The mother-of-one, now 45, knew something was wrong when she developed ‘eye-watering’ pain in her chest years later.
She was diagnosed with BIA-ALCL last November, which forced her to endure six rounds of chemo.
Ms Nightingale, who lives in Malta, finally had the implants removed in May.
She claims she never would have had them fitted in the first place if she knew of the risks.
Emma O’Connell (pictured) paid to have her textured implants removed
A woman paid £4,000 ($4,832) to have her textured implants removed over concerns they could cause her to develop cancer.
Emma O’Connell, 44, claims she developed migraines, brain fog and hair loss after she had the D-cup implants fitted.

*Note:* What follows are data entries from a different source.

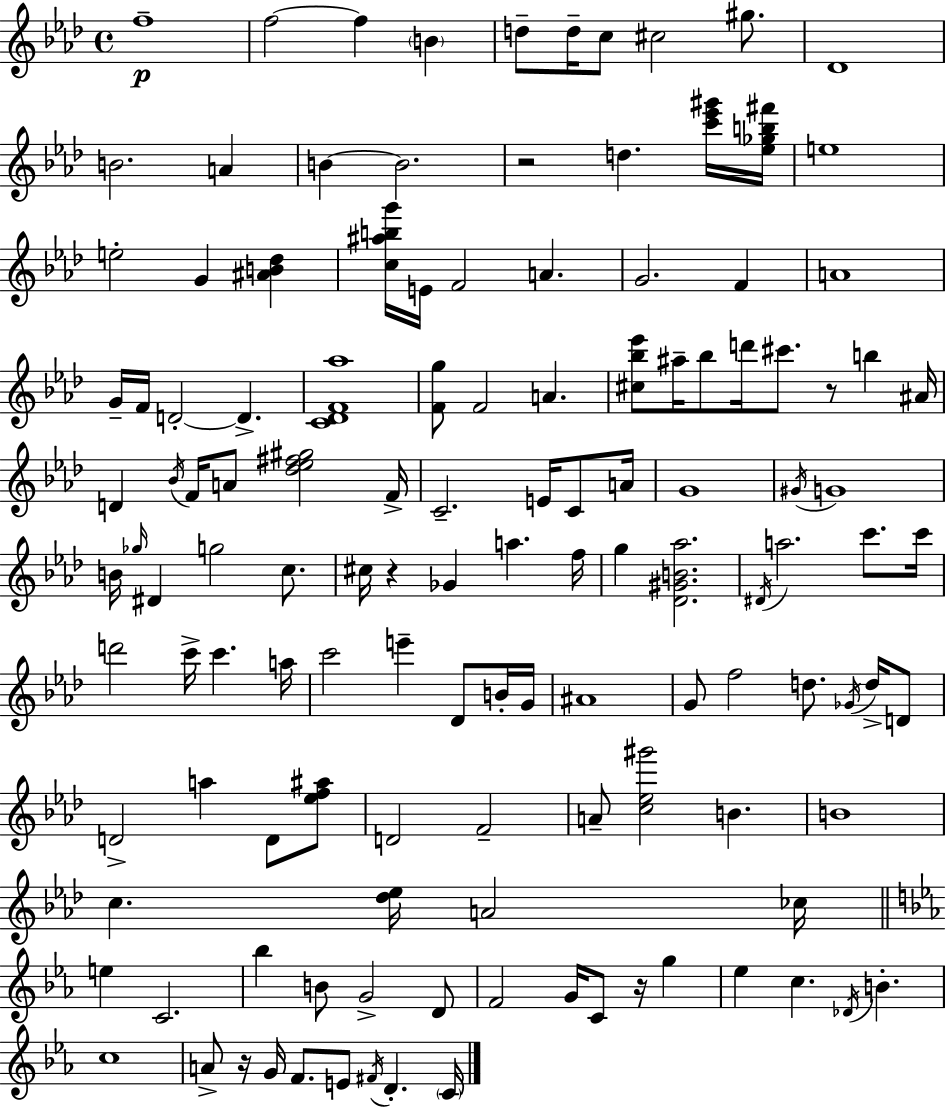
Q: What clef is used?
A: treble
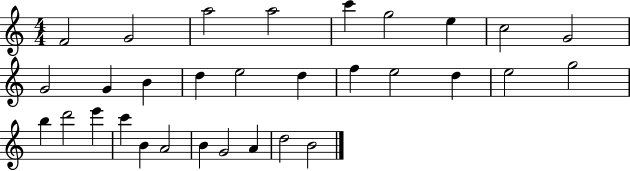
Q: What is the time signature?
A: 4/4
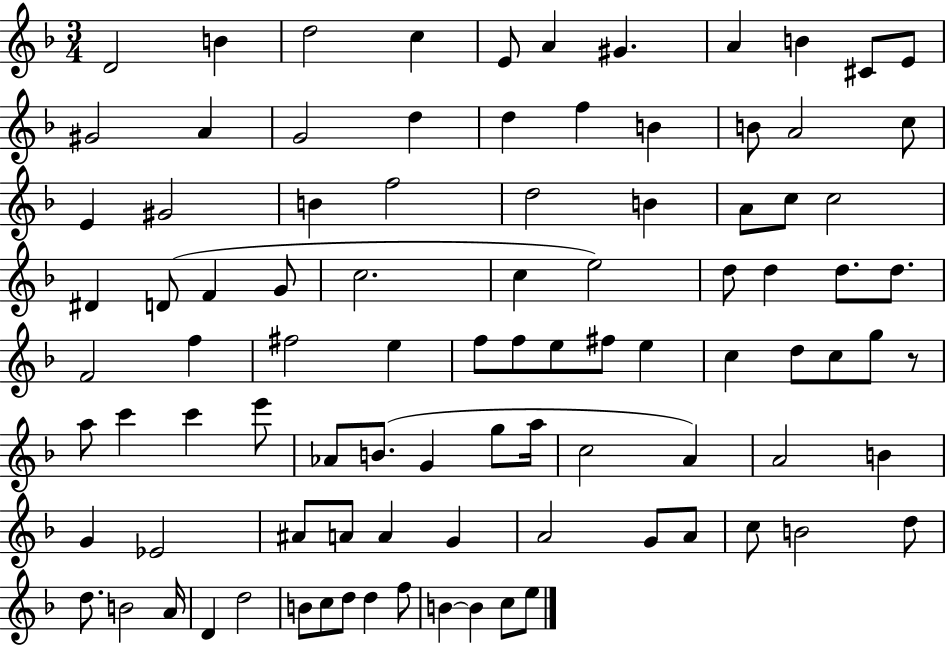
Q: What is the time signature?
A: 3/4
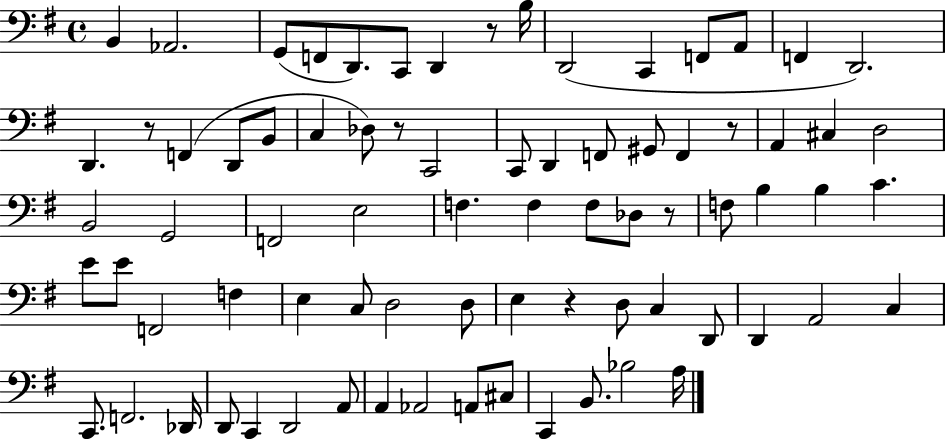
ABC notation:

X:1
T:Untitled
M:4/4
L:1/4
K:G
B,, _A,,2 G,,/2 F,,/2 D,,/2 C,,/2 D,, z/2 B,/4 D,,2 C,, F,,/2 A,,/2 F,, D,,2 D,, z/2 F,, D,,/2 B,,/2 C, _D,/2 z/2 C,,2 C,,/2 D,, F,,/2 ^G,,/2 F,, z/2 A,, ^C, D,2 B,,2 G,,2 F,,2 E,2 F, F, F,/2 _D,/2 z/2 F,/2 B, B, C E/2 E/2 F,,2 F, E, C,/2 D,2 D,/2 E, z D,/2 C, D,,/2 D,, A,,2 C, C,,/2 F,,2 _D,,/4 D,,/2 C,, D,,2 A,,/2 A,, _A,,2 A,,/2 ^C,/2 C,, B,,/2 _B,2 A,/4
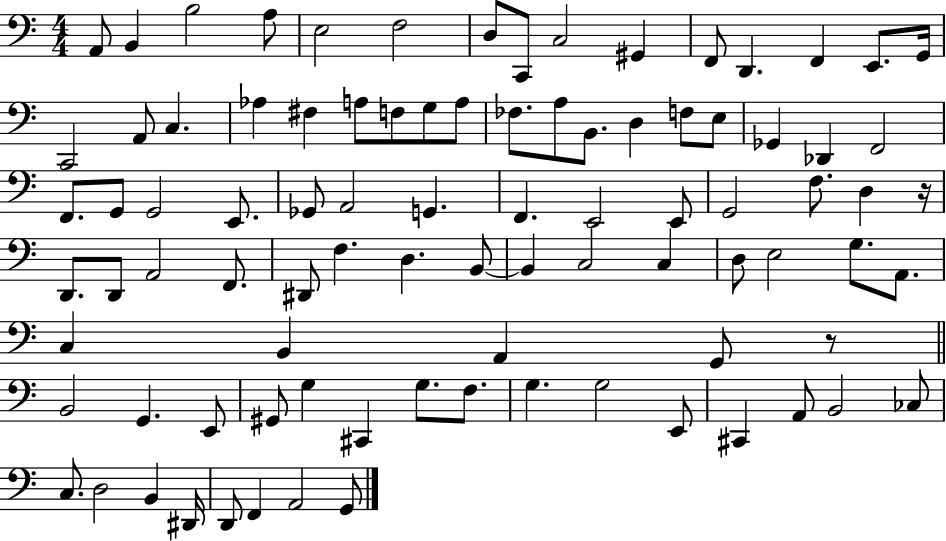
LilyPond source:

{
  \clef bass
  \numericTimeSignature
  \time 4/4
  \key c \major
  a,8 b,4 b2 a8 | e2 f2 | d8 c,8 c2 gis,4 | f,8 d,4. f,4 e,8. g,16 | \break c,2 a,8 c4. | aes4 fis4 a8 f8 g8 a8 | fes8. a8 b,8. d4 f8 e8 | ges,4 des,4 f,2 | \break f,8. g,8 g,2 e,8. | ges,8 a,2 g,4. | f,4. e,2 e,8 | g,2 f8. d4 r16 | \break d,8. d,8 a,2 f,8. | dis,8 f4. d4. b,8~~ | b,4 c2 c4 | d8 e2 g8. a,8. | \break c4 b,4 a,4 g,8 r8 | \bar "||" \break \key a \minor b,2 g,4. e,8 | gis,8 g4 cis,4 g8. f8. | g4. g2 e,8 | cis,4 a,8 b,2 ces8 | \break c8. d2 b,4 dis,16 | d,8 f,4 a,2 g,8 | \bar "|."
}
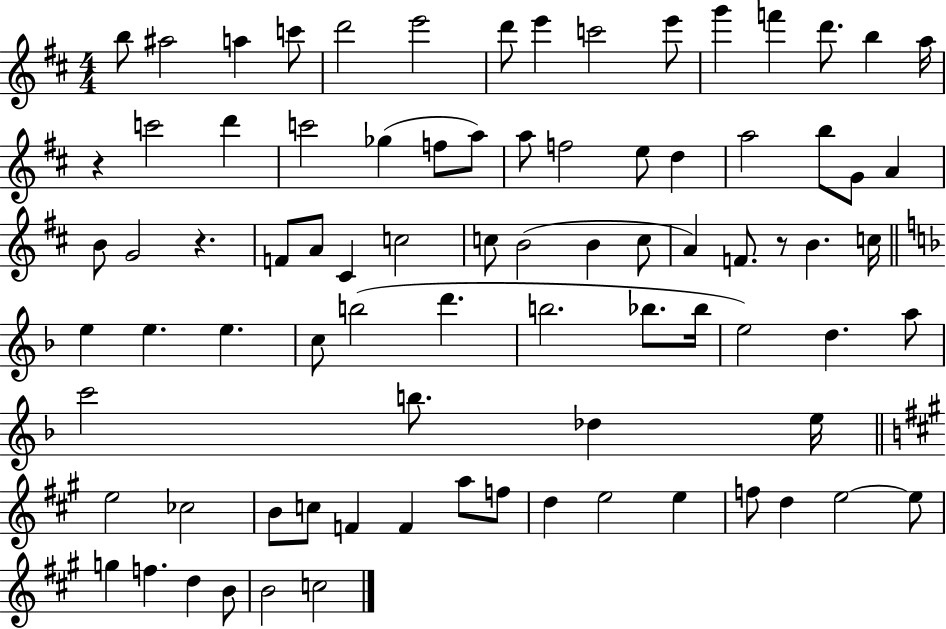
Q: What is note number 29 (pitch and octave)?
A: A4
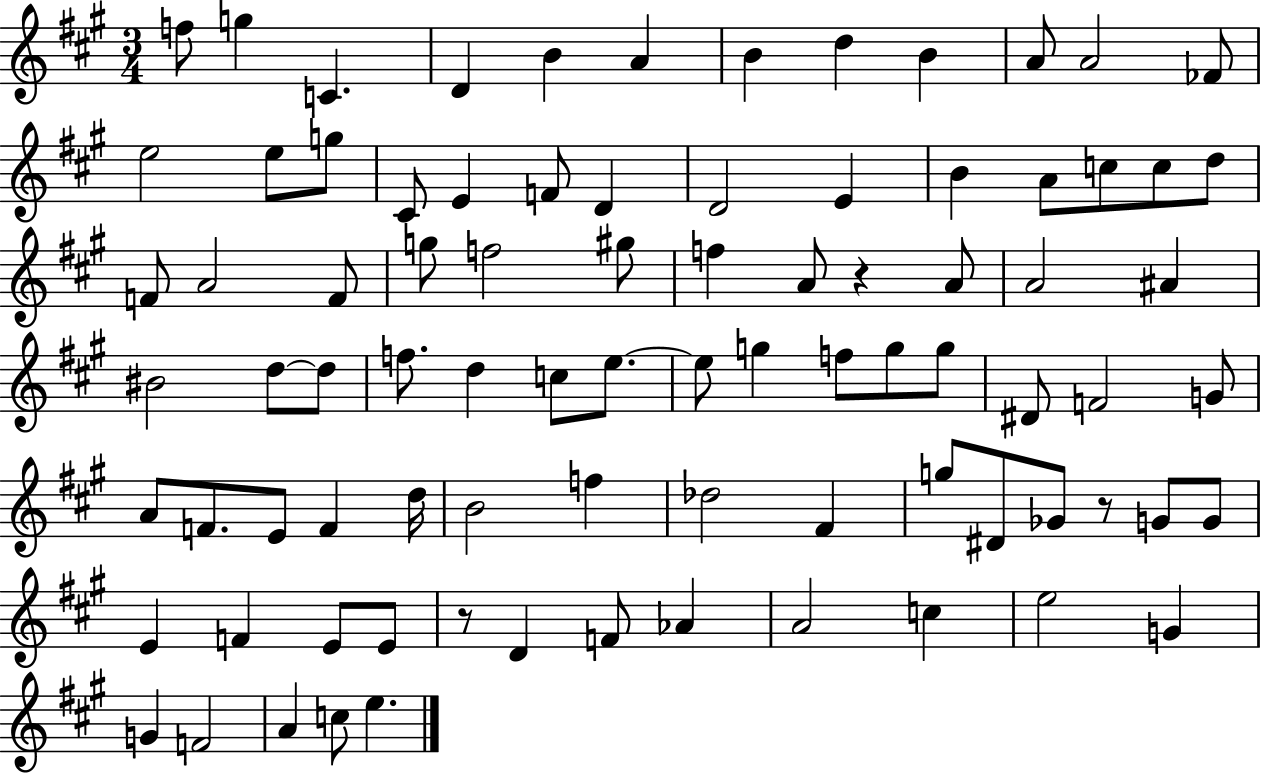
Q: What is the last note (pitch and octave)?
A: E5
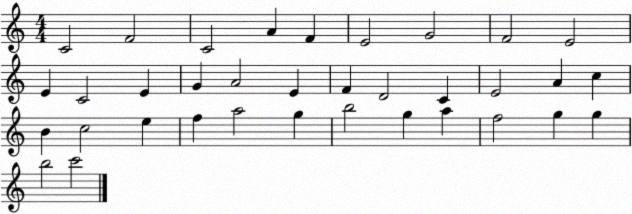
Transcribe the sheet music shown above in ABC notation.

X:1
T:Untitled
M:4/4
L:1/4
K:C
C2 F2 C2 A F E2 G2 F2 E2 E C2 E G A2 E F D2 C E2 A c B c2 e f a2 g b2 g a f2 g g b2 c'2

Unable to sleep with worry, she later paid to have the implants removed.
She claims they came out a ‘bright toxic yellow’.
‘One of my surgeons is, I know, still putting these implants in people,’ she added.
Now back to her natural B cup, Ms O’Connell, who lives in Jersey, believes she had ‘breast implant illness’.
However, the NHS and the US Food and Drug Administration deny this exists.
They do, however, provide long lists of potential side effects of breast implants.
Implants are not designed to last a lifetime, according to the FDA.
The longer a woman has the implants in her body, the higher the risk of complications, it added.